**Work instruction**:
With the pictures left aside, write out exactly the lines of the listing below from the line with "Elegant Decor KB2012-GD-10PK" to the line with "Under Armour Coldgear", both included, and only those.

**Listed entries**:
::::::::
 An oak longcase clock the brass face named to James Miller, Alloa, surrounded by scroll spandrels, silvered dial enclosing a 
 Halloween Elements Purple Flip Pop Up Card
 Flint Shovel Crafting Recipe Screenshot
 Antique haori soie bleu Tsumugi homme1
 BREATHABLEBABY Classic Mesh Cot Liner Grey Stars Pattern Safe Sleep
::::::::
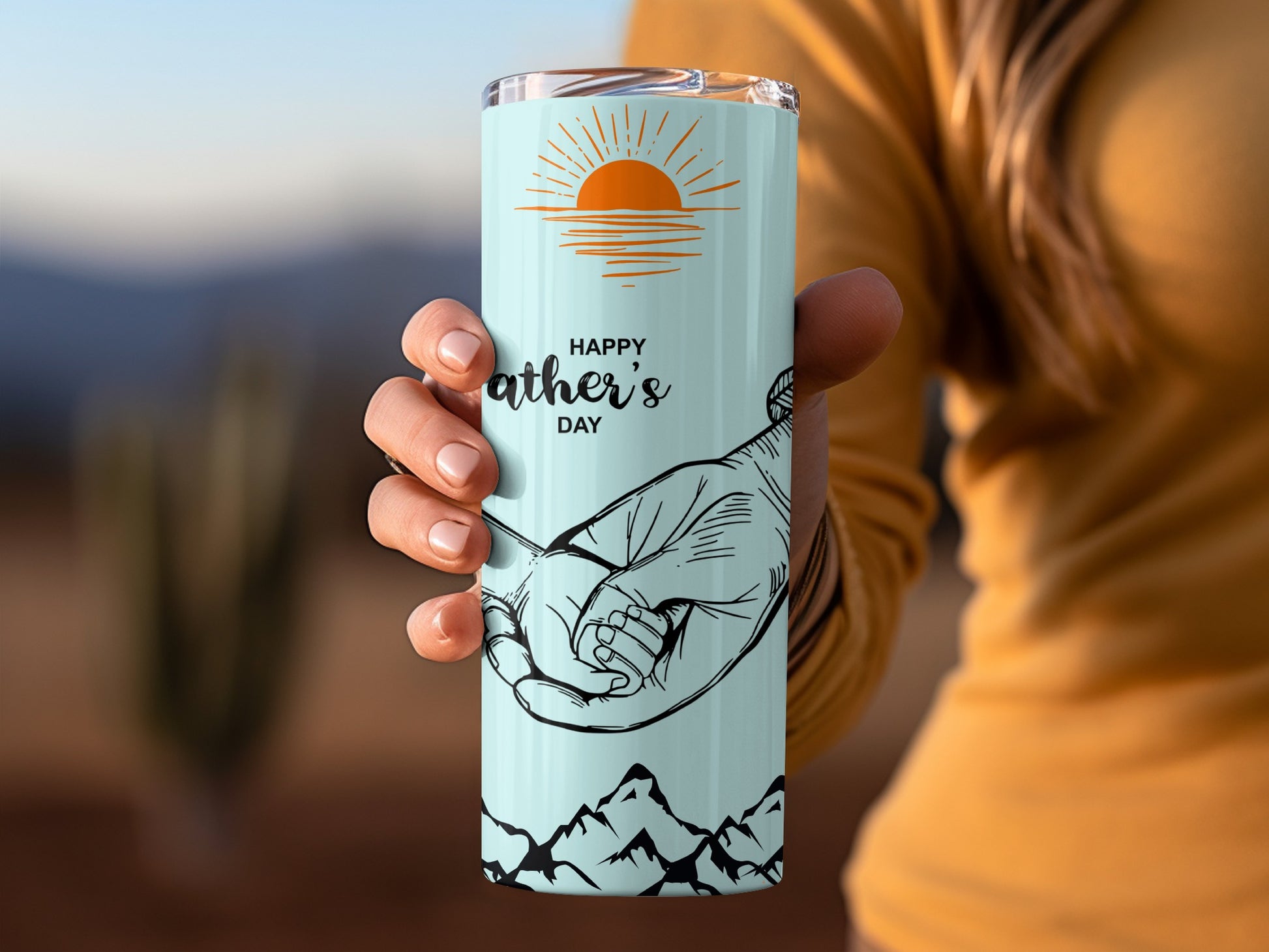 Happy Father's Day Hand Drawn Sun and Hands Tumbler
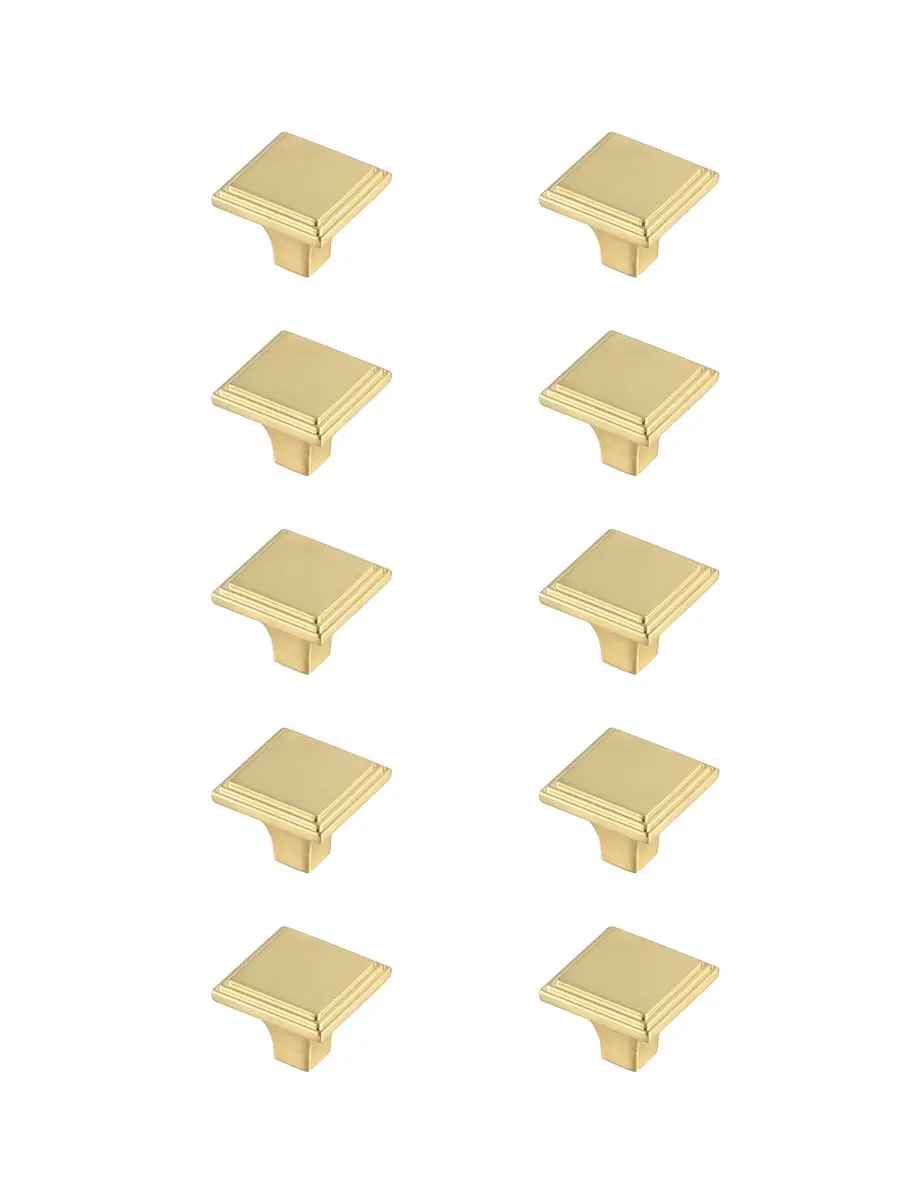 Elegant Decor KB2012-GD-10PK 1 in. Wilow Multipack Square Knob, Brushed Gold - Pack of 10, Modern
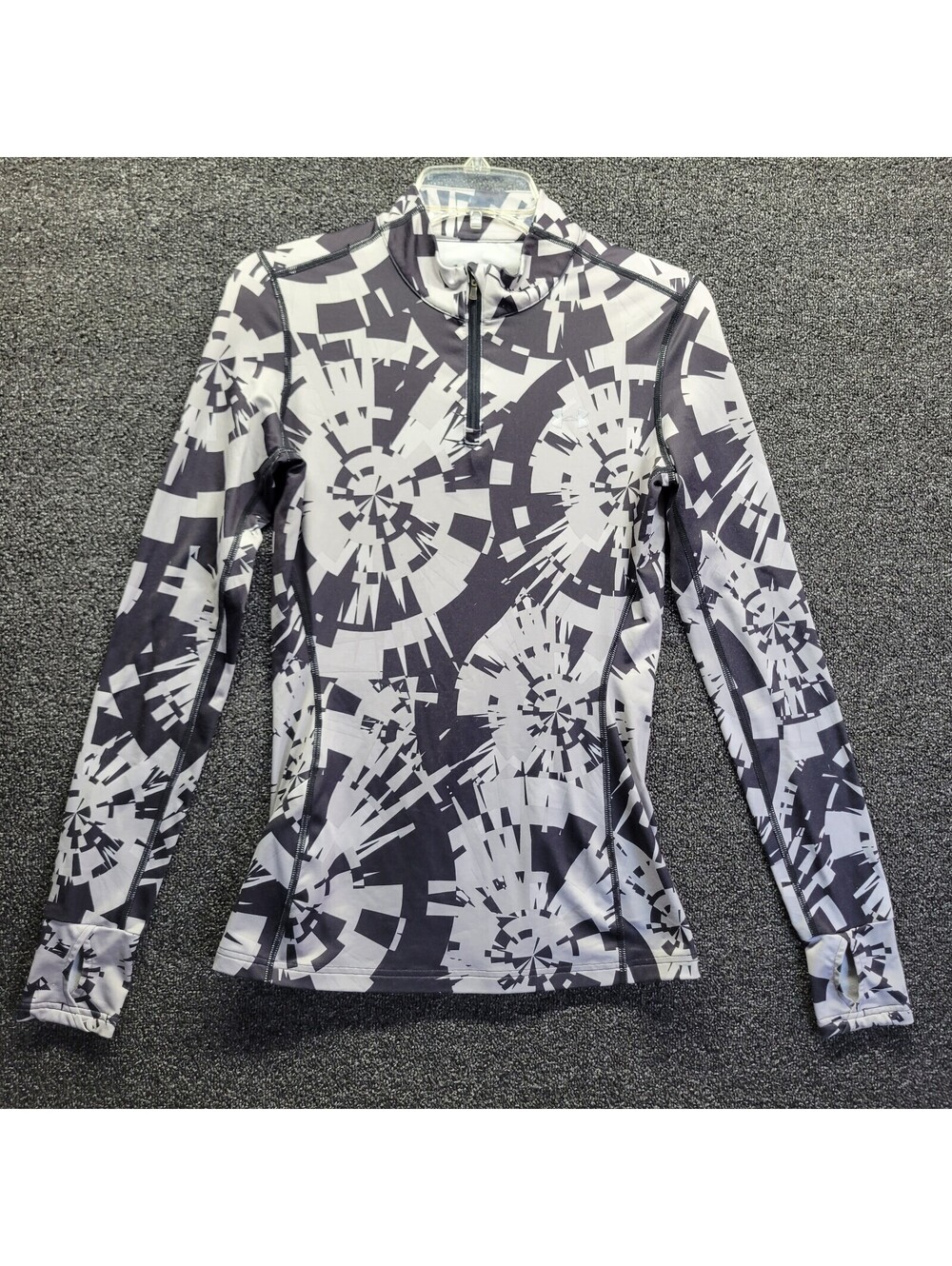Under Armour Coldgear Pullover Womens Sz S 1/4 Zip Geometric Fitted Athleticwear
::::::::
**Result for this task**:
 Elegant Decor KB2012-GD-10PK 1 in. Wilow Multipack Square Knob, Brushed Gold - Pack of 10, Modern
Under Armour Coldgear Pullover Womens Sz S 1/4 Zip Geometric Fitted Athleticwear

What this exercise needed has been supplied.